二月二日(土)晴れ。
良い天気だ。横浜は二十度まで気温が上がった。この時期の暖かさは、何となく嬉しいものだ。家族が揃って朝食。メニューは朝粥。我が家のお粥は、中華風だ。お米に鳥のももを入れて、お米の八倍から十倍のお水を入れて炊く。炊き上がったら、少し、蒸らすのがコツだ。そうすると、お米が水分を吸って、より柔らかくなる。
私が漬けた白菜のおしんこに、頂き物の塩鮭。朝日の中で家族揃って朝食をとる。こんな当たり前のことが、幸せに感じてしまうほど、小市民的な生活に甘んじている。まあ家族が恙なく暮らしているだけで、良しとしなければ。
先日、女性の「箸の持ち方が気になる」と書いたが、読了した「孤愁」に、こういう一文がある。「見事ですね、日本女性は。箸の持ち方、使い方、置き方、そして箸を伸ばす時にそれとなくたもとを押さえる仕草、どこか含羞の色を浮かべた眼差し、すべてが優雅です。芸術です。本質的問題は、文明とは程遠いアフリカやアジアの果ての果てに、どうしてこの日本という宝石のような国が存在するのかということです。その自然の佇まい、鮮烈な季節の変化、精緻(せいち・非常に細かい所まで注意が行き届き、よく整っていること)玲瓏(れいろう・美しく澄みきっているいるようす)な芸術、とりわけ日本女性は宝石中の宝石です」。

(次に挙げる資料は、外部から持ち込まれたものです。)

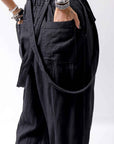 【bajra】 UNISEX LINEN SHOULDER PANTS 148QP03_BLACK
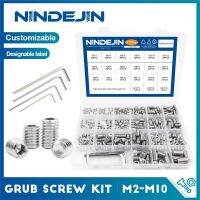 NINDEJIN 411Pcs 1084Pcs Hex Hexagon Grub Screw ชุด M2-M10สแตนเลส Headless Allen ซ็อกเก็ตพอยท์สกรู DIN916 Bolt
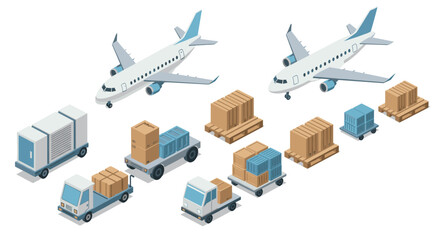 Isometric air cargo logistics with airplanes and delivery trucks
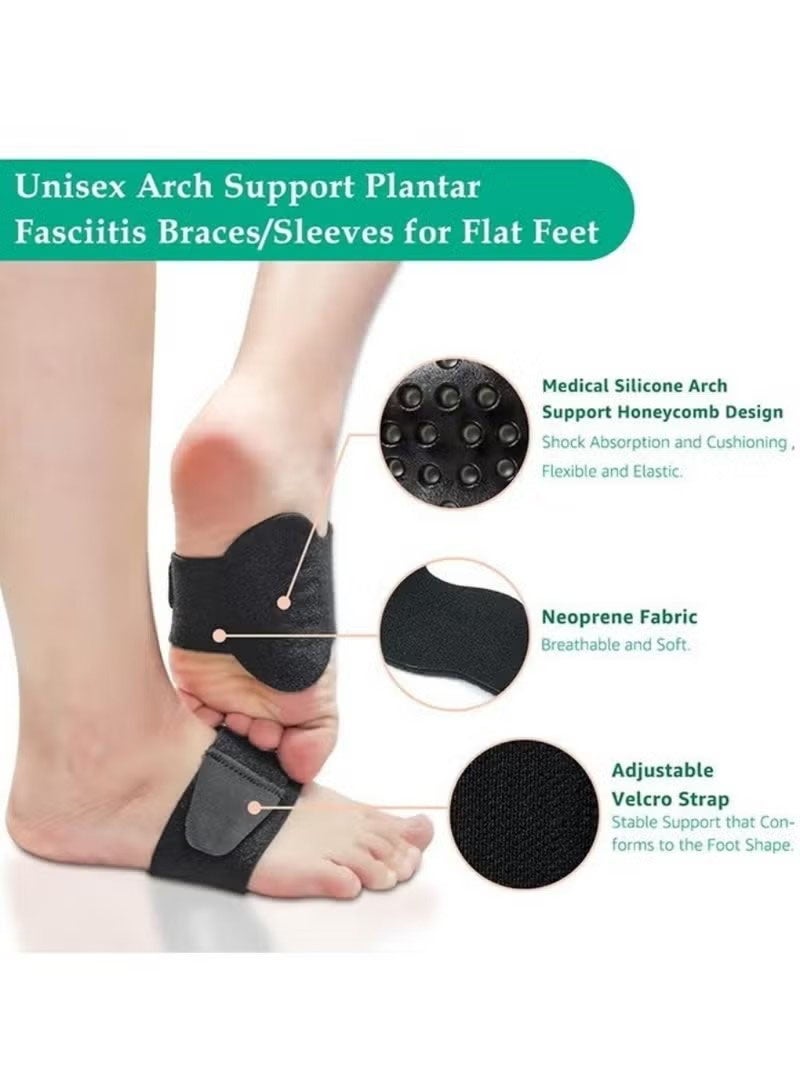 Metatarsal Sleeves Inserts with Gel Pads Hardened Arch Pad Arch Pad Immediate Bottom Ball of Foot Support Pain Relief - Soft Padding - Aid Metatarsalgia, Neuroma,Insole Men, Women (Black) - Image 3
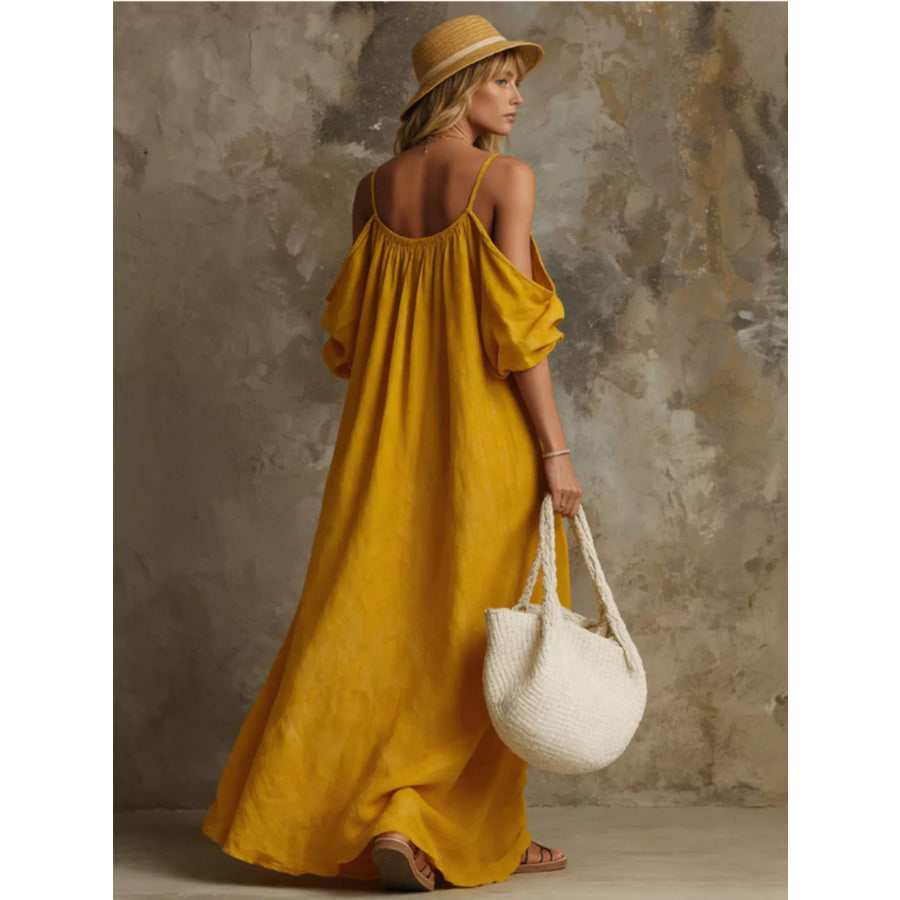 Full Size Cold-Shoulder Linen Maxi Dress Plus Mustard / S Apparel and Accessories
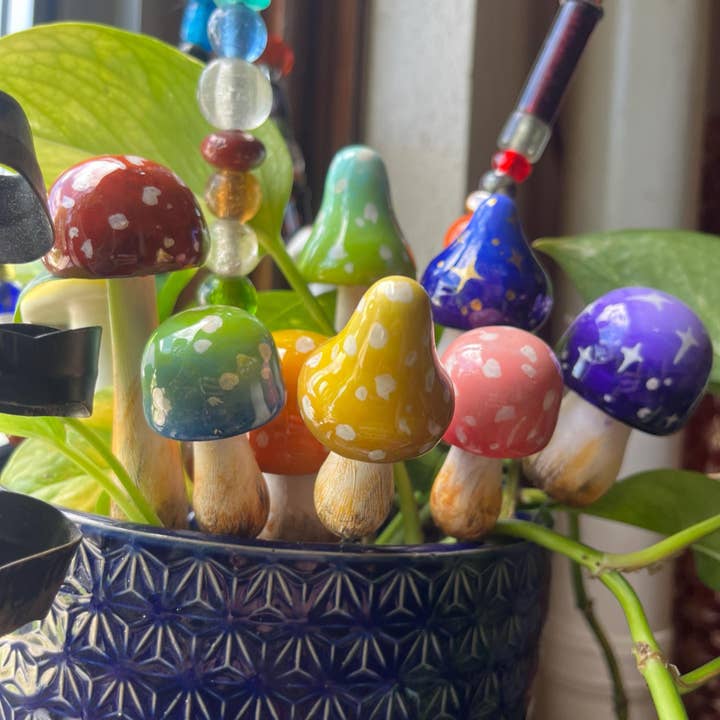 Hand Painted Mushroom Plant Stakes, Cottagecore Garden Decor for wholesale by Kaleigh Day Art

嗚呼、明治は遠くになりにけり・・・。か。夜は、暇なので、愚妻とレンタルしてきた「天地明察」という映画を見た。「おくりびと」で第八十一回アカデミー賞外国語映画賞を受賞した滝田洋二郎監督が、冲方丁原作の時代小説を映画化したもの。江戸時代前期、八百年もの間国内で使用されてきた中国の暦のズレを正し、日本独自の暦作りに専念した実在の人物安井算哲の半生を描いたものだが、これが中々良かった。最近は、こういったほっとする映画が少なくなった。